> **TASK INSTRUCTIONS**: Below are some records. Write out exactly their lines from the one with "68岁哥哥把56岁弟弟重新养大 68岁哥哥把56岁弟弟重新养大" through the one with "Abiti da ragazza", and leave the pictures behind.

> **AVAILABLE RECORDS**:

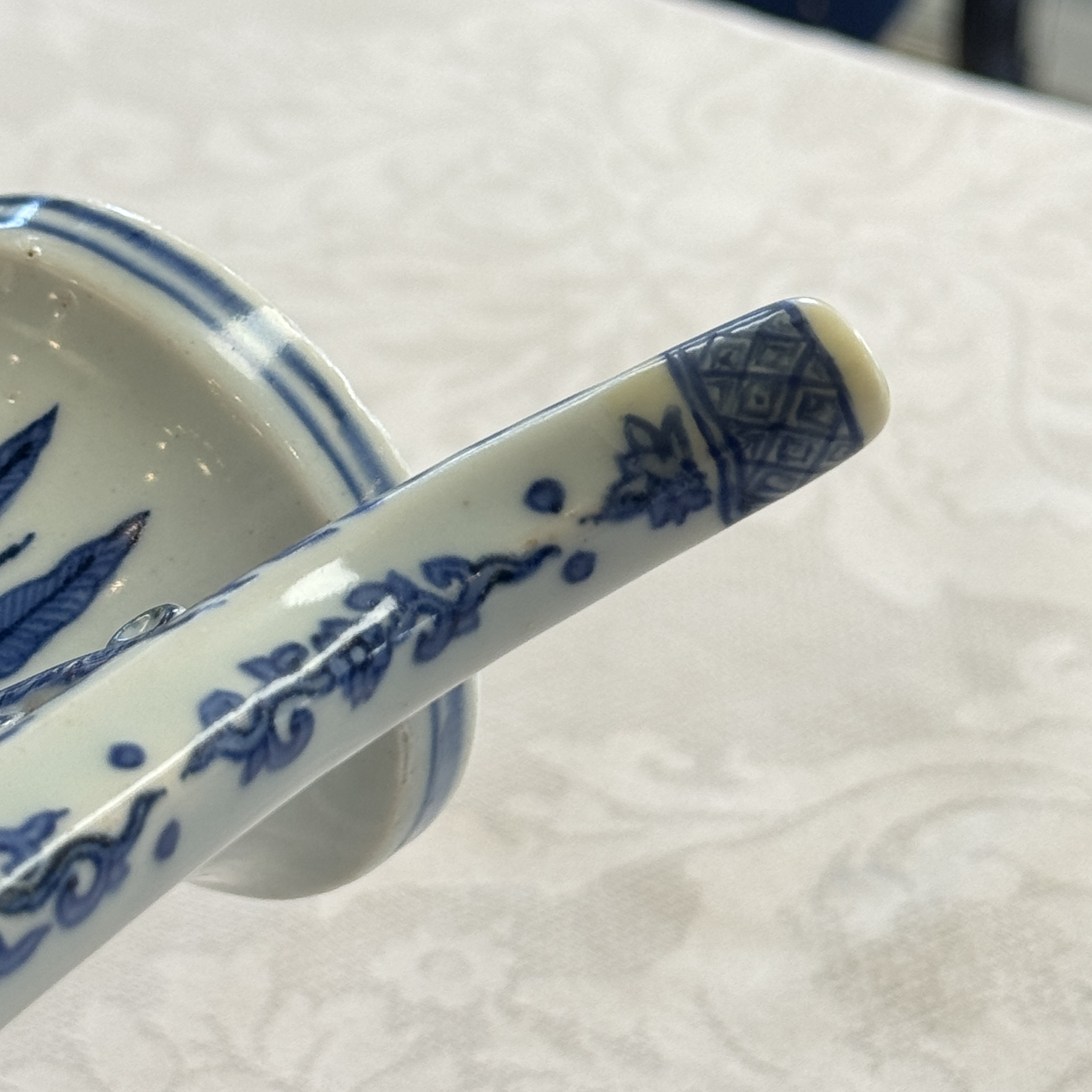 A Chinese blue and white 'Magic Fountain' ewer — photo 21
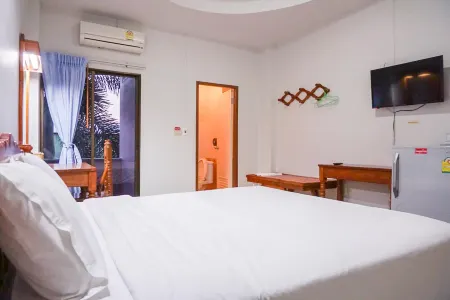 Dalha Renovtel Hotel Отели рядом с достопримечательностью «Wat Phra in Plaeng»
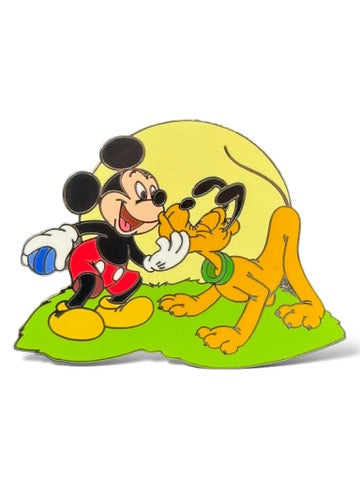 Disney Auctions Mickey and Pluto Playing Fetch Pin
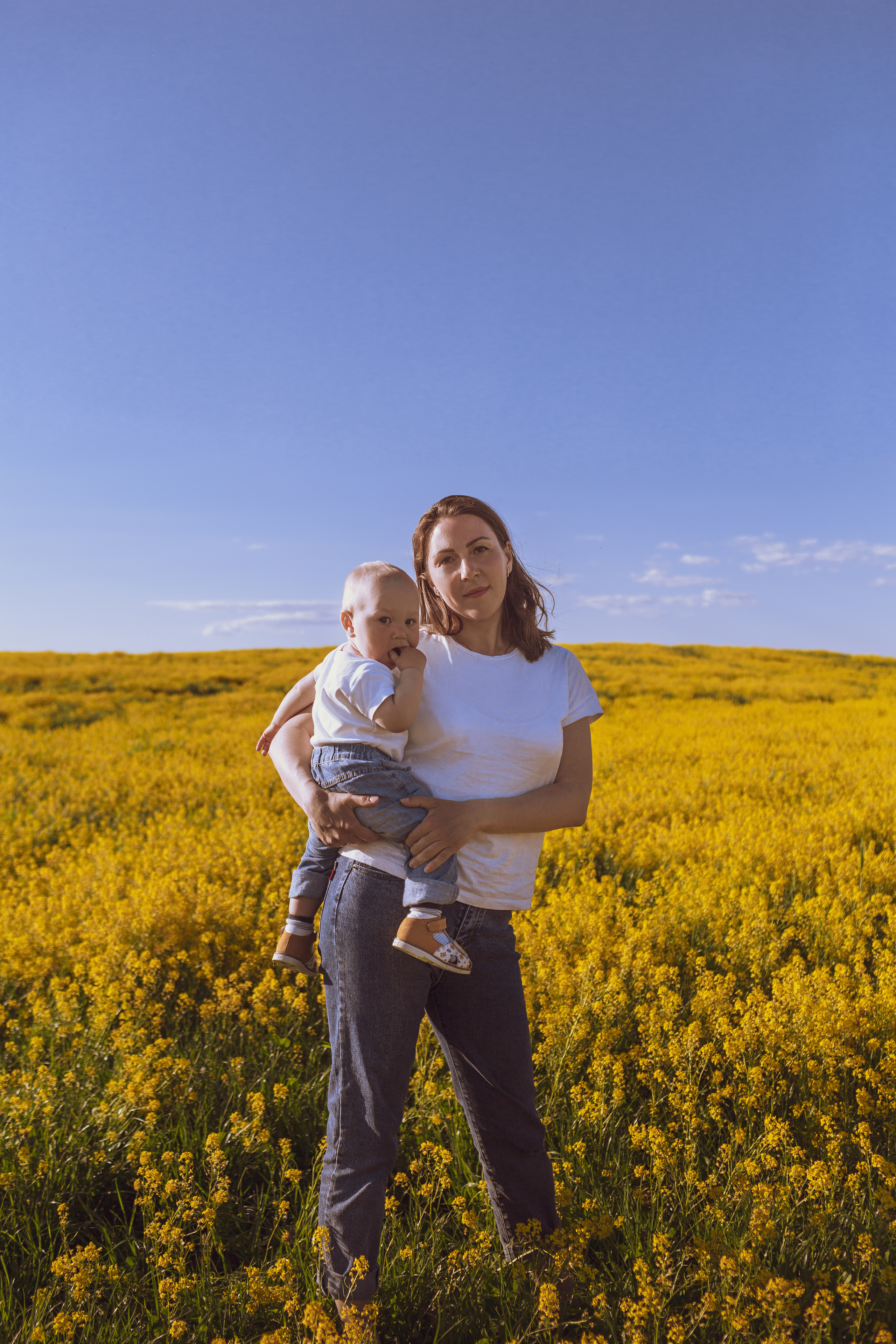 Фотосессия с детьми в цветущих полях | Елена, Приозерск. Женский, семейный и контент фотограф Ирина Ульянова в Санкт-Петербурге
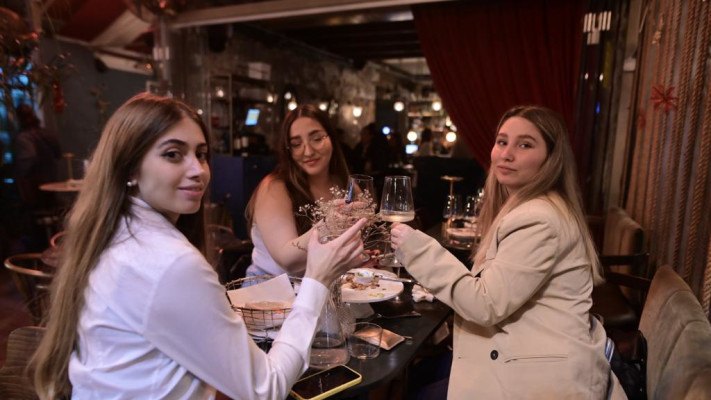 חוגגות את השנה החדשה ב''מיליו'' בדיזינגוף, תל אביב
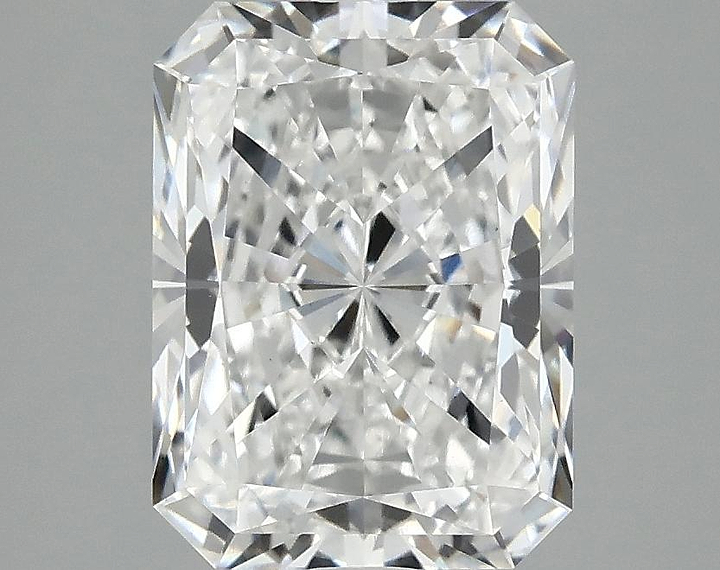 3.06 Carat Radiant Shaped Excellent Cut VS1 IGI Certified Lab Grown Diamond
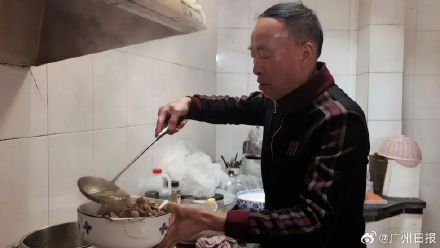 68岁哥哥把56岁弟弟重新养大 68岁哥哥把56岁弟弟重新养大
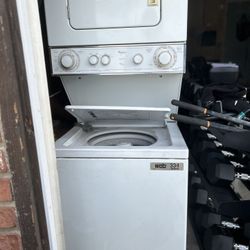 Washer dryer set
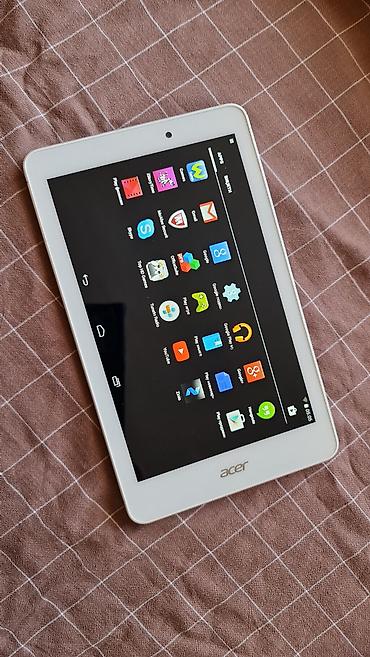 Tableti: Acer Iconia tablet – bela prednja strana, srebrna zadnja maska sa — 9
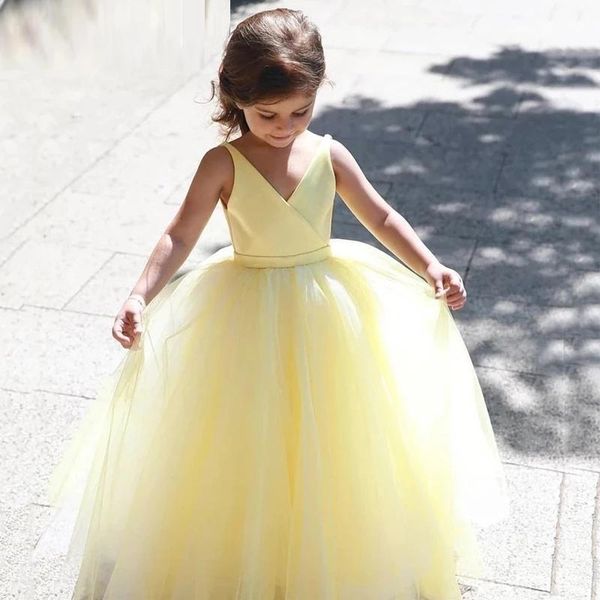 Abiti da ragazza Semplice giallo Aline Girl Princess Flower Birthday Pageant Robe De Demoiselle Abito da prima comunione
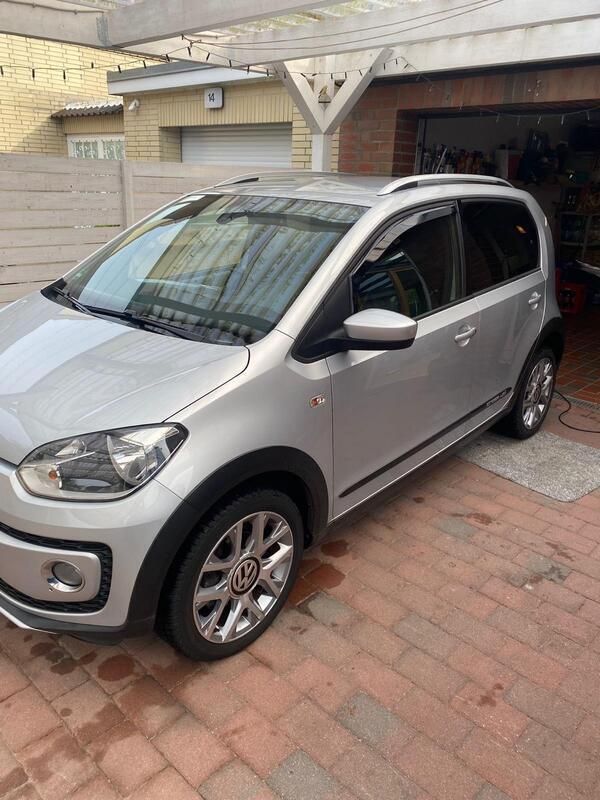 Silber Gebraucht 2014 VW cross up! Kleinwagen | 6.500 € (Guter Preis) - Bild 1/4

> **WRITTEN SOLUTION**:
 68岁哥哥把56岁弟弟重新养大 68岁哥哥把56岁弟弟重新养大
 Washer dryer set
 Tableti: Acer Iconia tablet – bela prednja strana, srebrna zadnja maska sa — 9
 Abiti da ragazza Semplice giallo Aline Girl Princess Flower Birthday Pageant Robe De Demoiselle Abito da prima comunione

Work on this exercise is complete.